Operations¶
Docker Compose Modes¶
Docker build, compose modes, and AWS credential options live in docs/docker.md.
Testing¶
# Unit + integration tests across modules (in-memory)
make test
# Run full test suite against LocalStack (fixtures + catalog storage)
make test-localstack
# Only run unit or integration suites
make unit-test
make integration-test
Builtin Catalog Validator¶
Validate bundled or bespoke builtin catalog protobufs without running the service.
mvn -pl tools/builtin-validator package
Engine mode – load via ServiceLoader (extension JAR must be on the classpath):
java -jar tools/builtin-validator/target/builtin-validator.jar \
--engine example
Directory mode – point at a catalog directory; the validator reads _index.txt automatically:
java -jar tools/builtin-validator/target/builtin-validator.jar \
/path/to/builtins/example
File mode – validate a single merged protobuf file (binary or text format):
java -jar tools/builtin-validator/target/builtin-validator.jar \
/path/to/catalog.pbtxt
Flags:
--engine <kind>– load the registeredEngineSystemCatalogExtensionfor the given engine kind viaServiceLoaderinstead of reading a file.--json– emit machine-readable output (for CI or scripting).--strict– fail the run when warnings are present (warnings are currently reserved for future checks).
Observability & Operations¶
Outbound token endpoint allowlist¶
Floecat validates outbound token endpoint hosts before performing client credentials or token exchange flows on behalf of connectors or internal workers. This is an SSRF guard on the shared auth resolution path, not a connector-specific feature.

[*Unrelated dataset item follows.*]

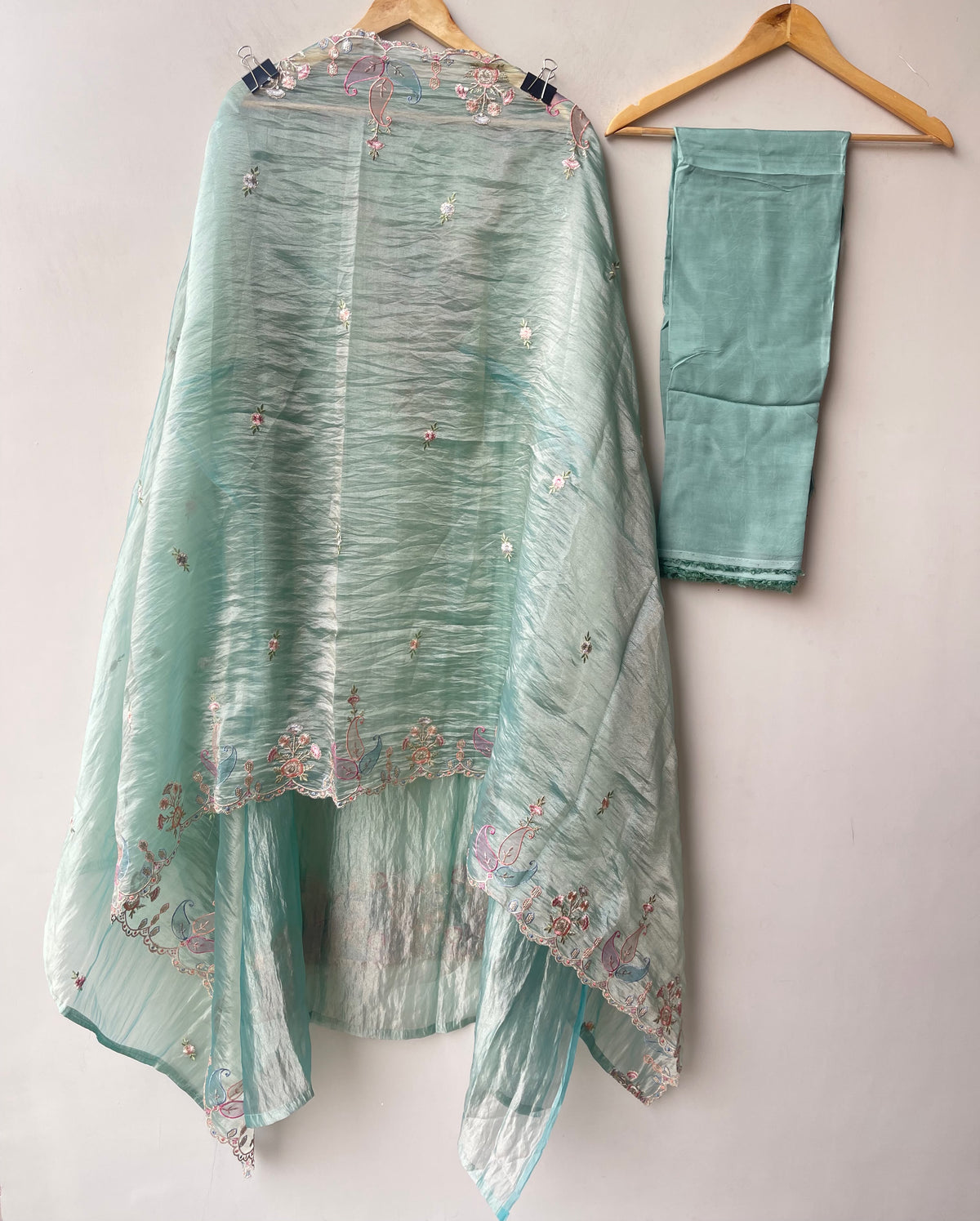 Pure Shimmer Crushed Tissue Unstitched Suit with Resham Zari Sequence Embroidery & Scalping Dupatta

The relevant settings are:
FLOECAT_SECURITY_ALLOWED_TOKEN_ENDPOINT_DOMAINS– comma-separated host/domain allowlist for outbound token endpoints. Exact hosts match exactly;*.example.commatches subdomains only.*allows any token endpoint host.FLOECAT_SECURITY_ALLOW_PRIVATE_TOKEN_ENDPOINTS_FOR_ALLOWED_HOSTS=true– permits allowlisted HTTPS hosts that resolve to private or loopback addresses.FLOECAT_SECURITY_ALLOW_LOOPBACK_TOKEN_ENDPOINTS=true– permits loopback-only HTTP token endpoints for local development.
Important behavior:
- These settings restrict token endpoint hosts, not upstream catalog hosts in general.

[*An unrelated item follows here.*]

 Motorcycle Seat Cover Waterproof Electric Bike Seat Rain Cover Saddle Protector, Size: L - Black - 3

FLOECAT_SECURITY_ALLOWED_TOKEN_ENDPOINT_DOMAINS=*only bypasses the host allowlist check. It does not disable the private-address or loopback HTTP guards.- The same shared validation applies to Delta/Unity, Iceberg REST, and any other connector auth flow that performs service-side token acquisition.
Reconciler deployment modes¶
The reconciler runs in three shapes from the same artifact:
- All-in-one: default profile; public APIs, durable queue ownership, and local executor polling stay in one runtime.
- Control plane:
QUARKUS_PROFILE=reconciler-control; owns the queue, automatic enqueue, public reconcile APIs, and executor-control RPCs. - Executor plane:
QUARKUS_PROFILE=reconciler-executor; disables local queue ownership and automatic scheduling, then leases work remotely from the control plane over gRPC.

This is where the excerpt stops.